Laura was about to bring up Duane, the handyman, and plunge headlong back into the same conversation they had had a thousand times before when her phone rang. It was a 310 number. Her heart gave a quick lurch in her chest.
“Hey—do you have a ladder I could borrow?” Neil asked, almost before she had said hello.
“What do you mean—what for?”
“It’s a long story. But I need it sort of soon.”
“The ladder?”
“Exactly.”
“I climb,” Miranda began to say from the backseat.
“I don’t know—Mac, do we have a ladder? What kind of ladder?” she said back into the phone.

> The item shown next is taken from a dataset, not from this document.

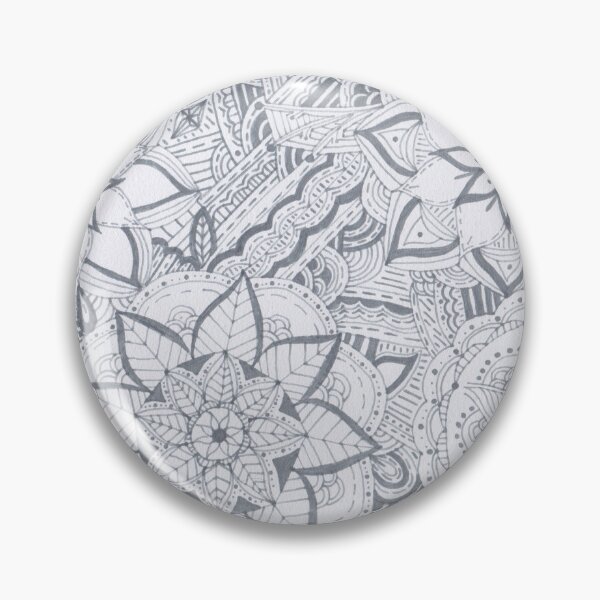 Item preview, Light Grey Mandala Improvisation designed and sold by MarisaGoncalves.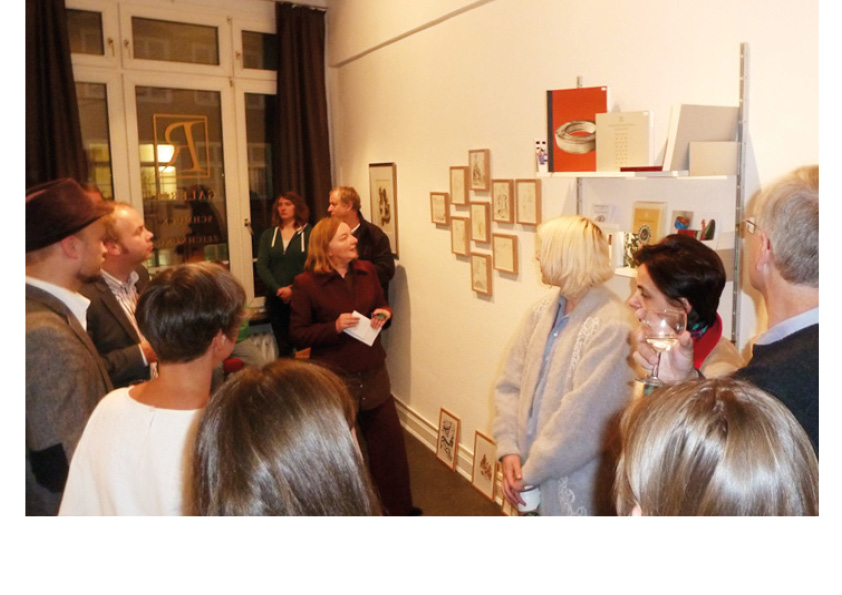 Die Galerie im Oktober 2013, Eröffnung Ausstellung Ellen Louise Weise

“Regular. Stepladder,” Neil supplied.
“Of course,” Mac said as if it were insulting to imagine they might not. “Why?”
“Yes,” Laura said into the phone.
“Can you possibly bring it over here? Or could I come get it?”
“I’ll bring it,” Laura said hastily.
“Soon? I don’t mean to be a pain, but there’s this dog, you see, I have to get into the yard, and the fence—”
“An hour?” Laura felt the blood rising to her cheeks. Here was her escape from the day. To Neil. Her heart skittered a little. She did not even pause to wonder why he needed it.
“Perfect. Thanks, Lo. I knew you’d hook me up.”
She hung up the phone and tried to affect a nonchalant expression. They were just entering Cambridge, the three blunt red high-rises of the Rindge Avenue projects lording a particular dreariness over the return.